Pictures stay out of the copy. Transcribe exactly, and only, the line with "Identifikacne cislo kapsovy" through the last line of the entries below.

===== Exercise inputs =====

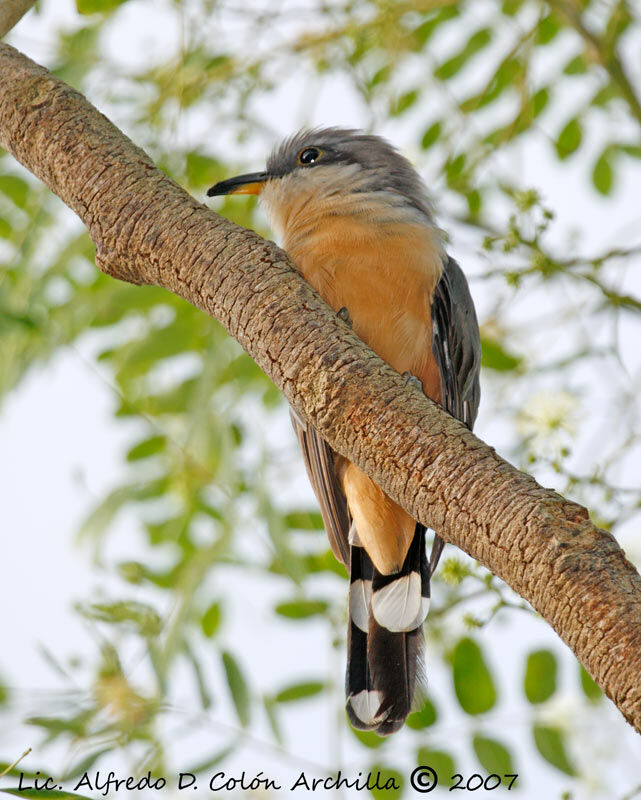 Mangrove Cuckoo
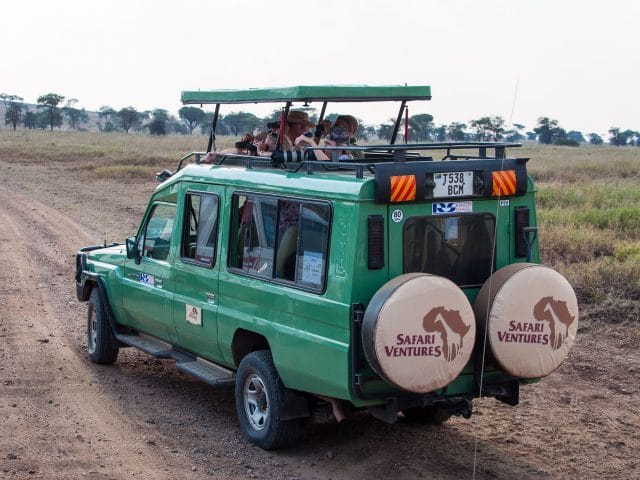 Private vs Group Safari: Which One Is Worth It?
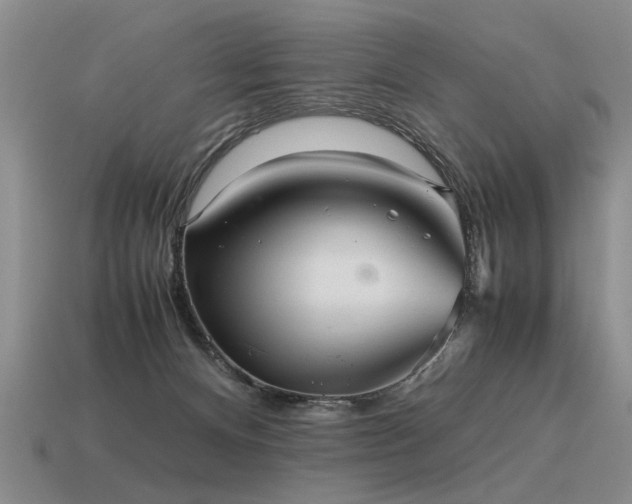 X0000115600128200911101414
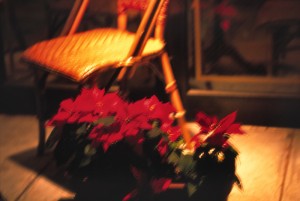 xmas0003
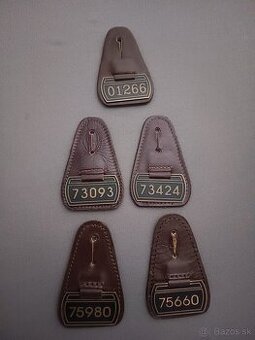 Identifikacne cislo kapsovy odznak VB SNB ZNB policajne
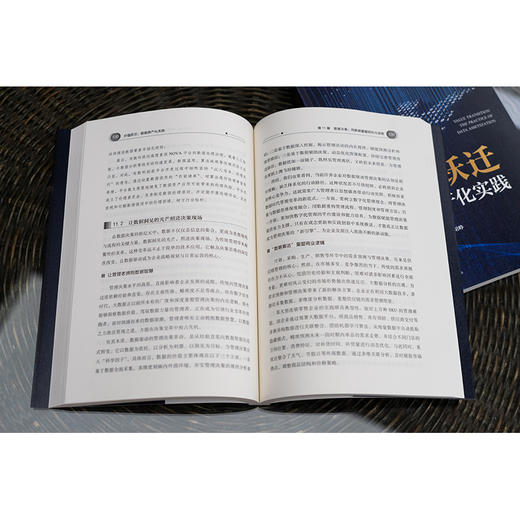 价值跃迁 数据资产化实践 尚进主编 田强 胡杨 夏珺峥副主编 法律出版社 商品图1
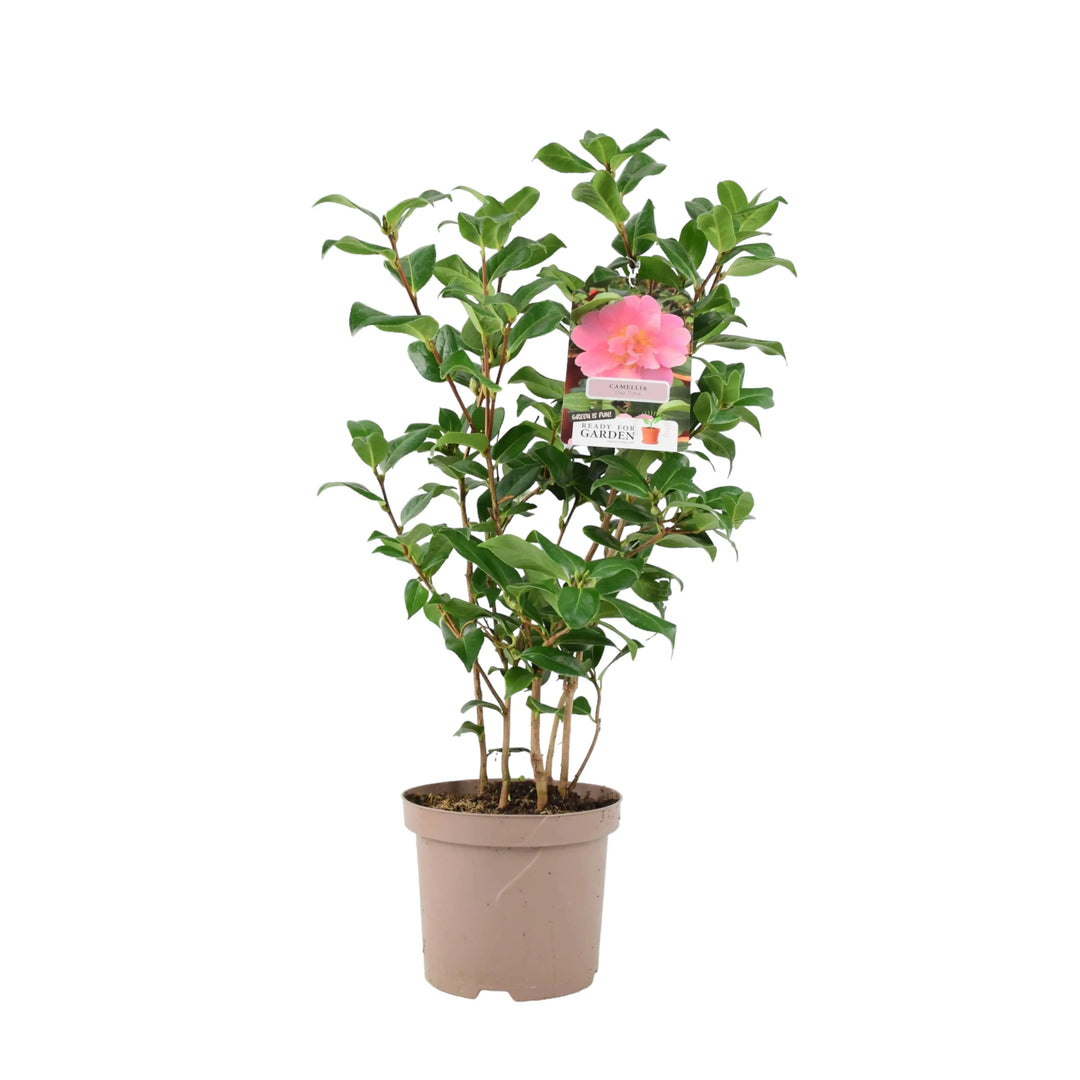 Camellia Japonica Pink Plants By Post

=====

### Answer for this exercise
 Identifikacne cislo kapsovy odznak VB SNB ZNB policajne
 价值跃迁 数据资产化实践 尚进主编 田强 胡杨 夏珺峥副主编 法律出版社 商品图1
 Camellia Japonica Pink Plants By Post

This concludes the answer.